Data: Begin

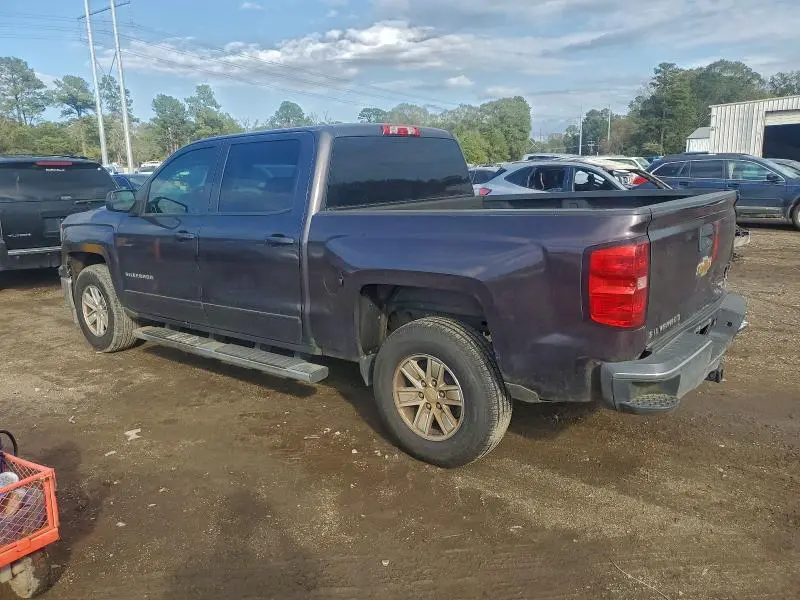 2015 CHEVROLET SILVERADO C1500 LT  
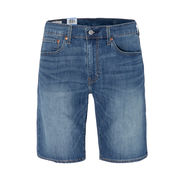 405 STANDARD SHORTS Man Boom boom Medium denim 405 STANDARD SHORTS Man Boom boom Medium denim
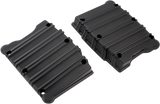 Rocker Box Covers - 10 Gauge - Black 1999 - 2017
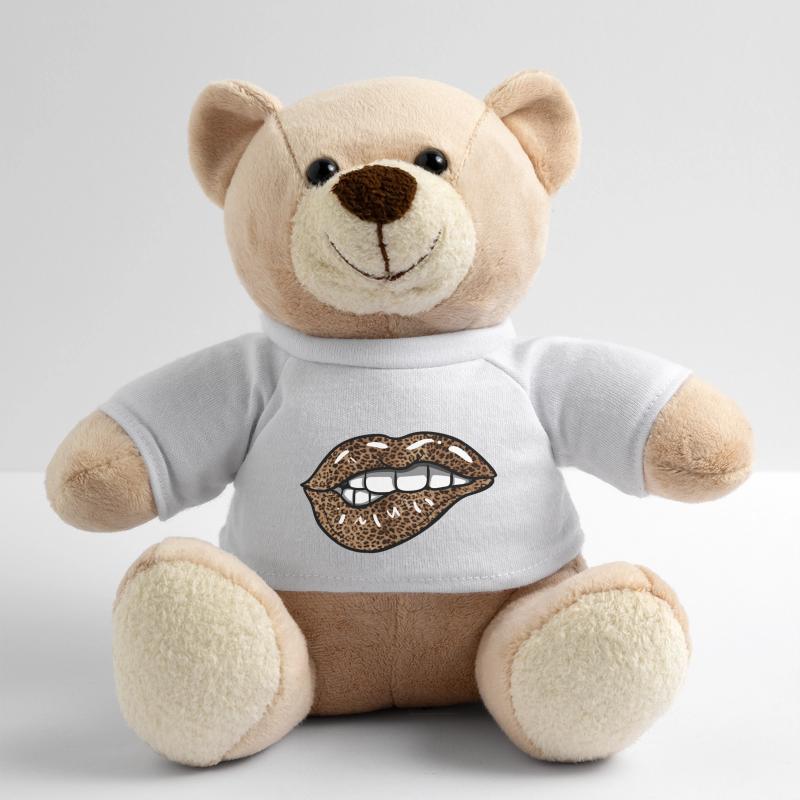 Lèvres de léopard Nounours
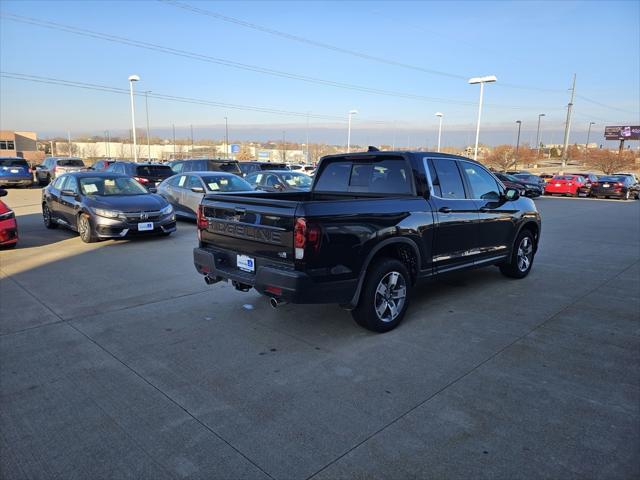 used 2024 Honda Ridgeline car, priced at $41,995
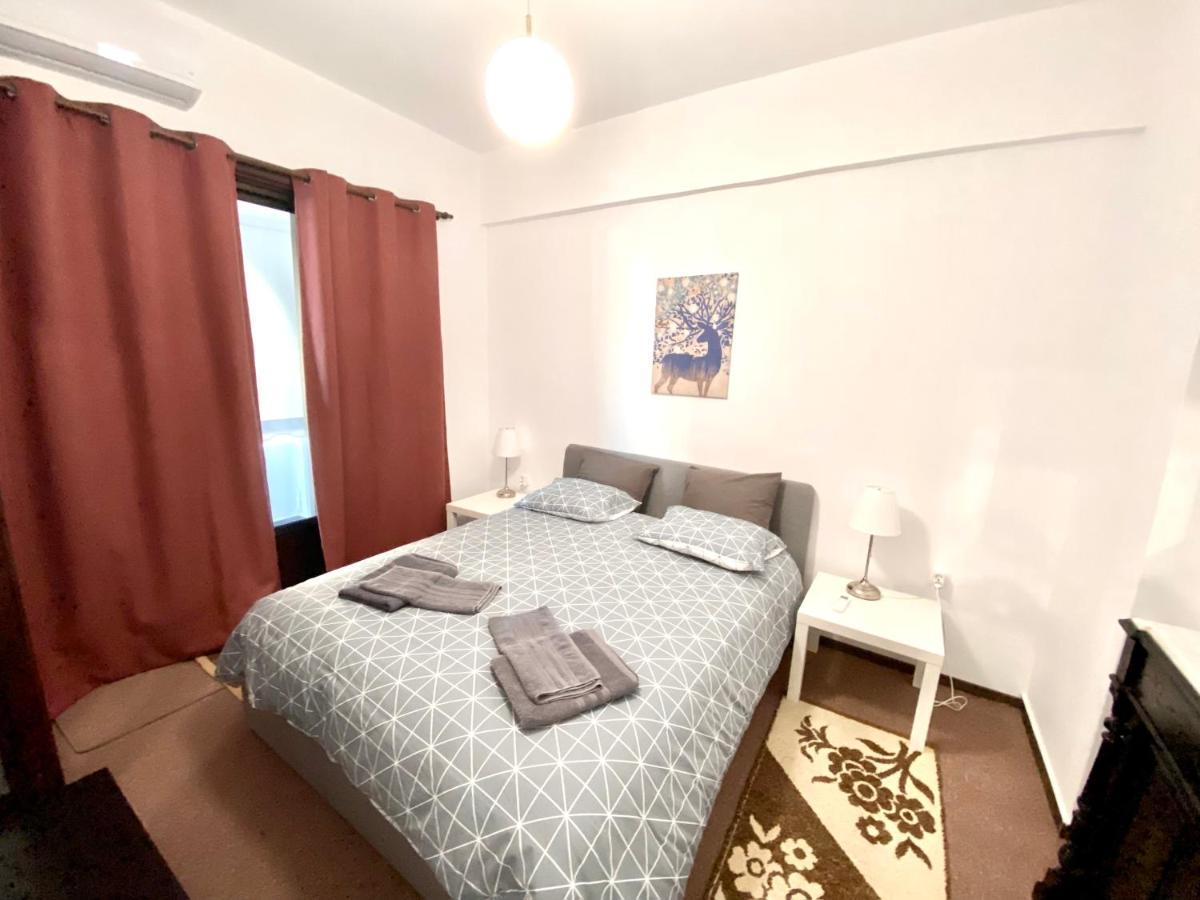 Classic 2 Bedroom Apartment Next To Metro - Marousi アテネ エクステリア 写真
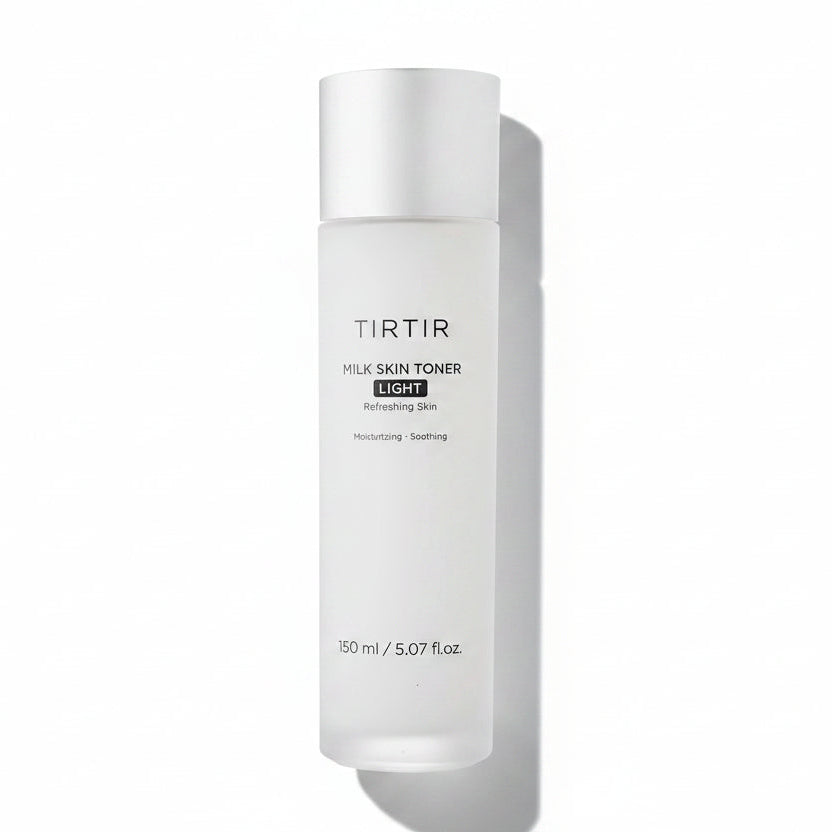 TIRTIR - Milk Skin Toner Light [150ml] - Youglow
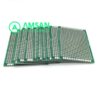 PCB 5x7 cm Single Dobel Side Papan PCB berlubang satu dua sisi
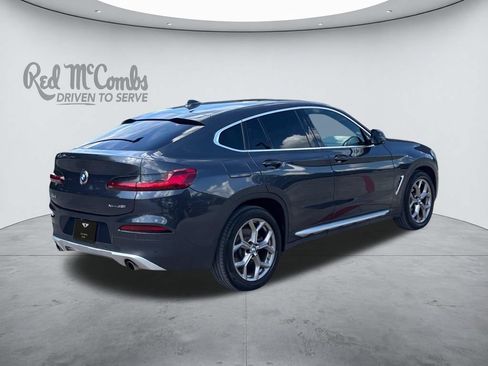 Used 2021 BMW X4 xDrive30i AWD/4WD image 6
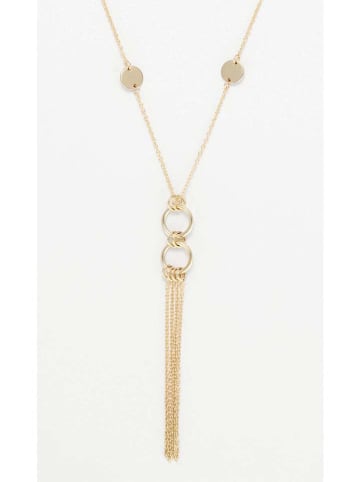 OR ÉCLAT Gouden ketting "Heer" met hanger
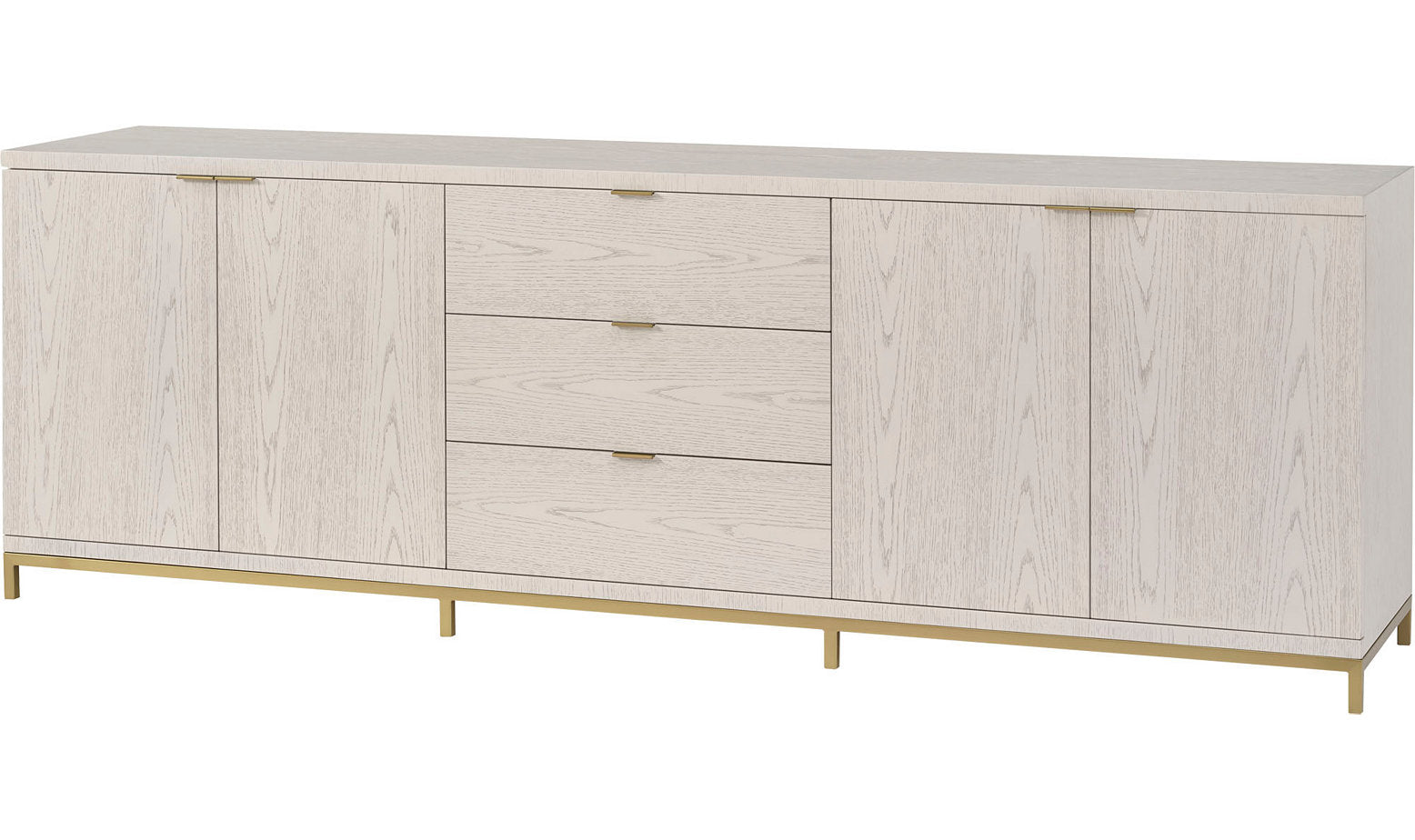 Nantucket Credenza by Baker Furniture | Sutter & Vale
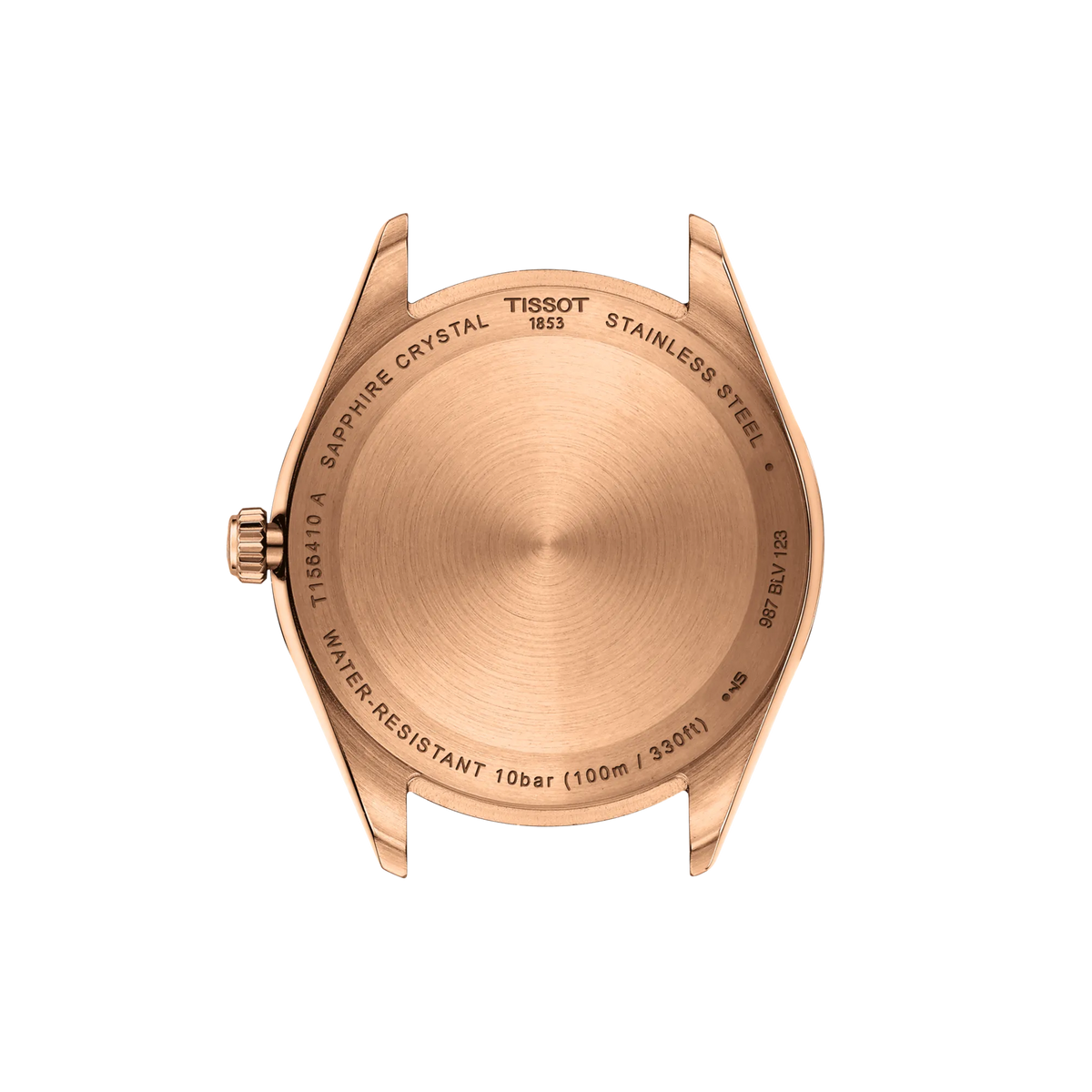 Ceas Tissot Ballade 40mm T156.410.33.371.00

Data: End

What the answer needs is every line from the one containing "Used 2021 BMW X4 xDrive30i AWD/4WD image 6" through the final line of the data above, copied exactly, without pictures.

 Used 2021 BMW X4 xDrive30i AWD/4WD image 6
 OR ÉCLAT Gouden ketting "Heer" met hanger
 Nantucket Credenza by Baker Furniture | Sutter & Vale
 Ceas Tissot Ballade 40mm T156.410.33.371.00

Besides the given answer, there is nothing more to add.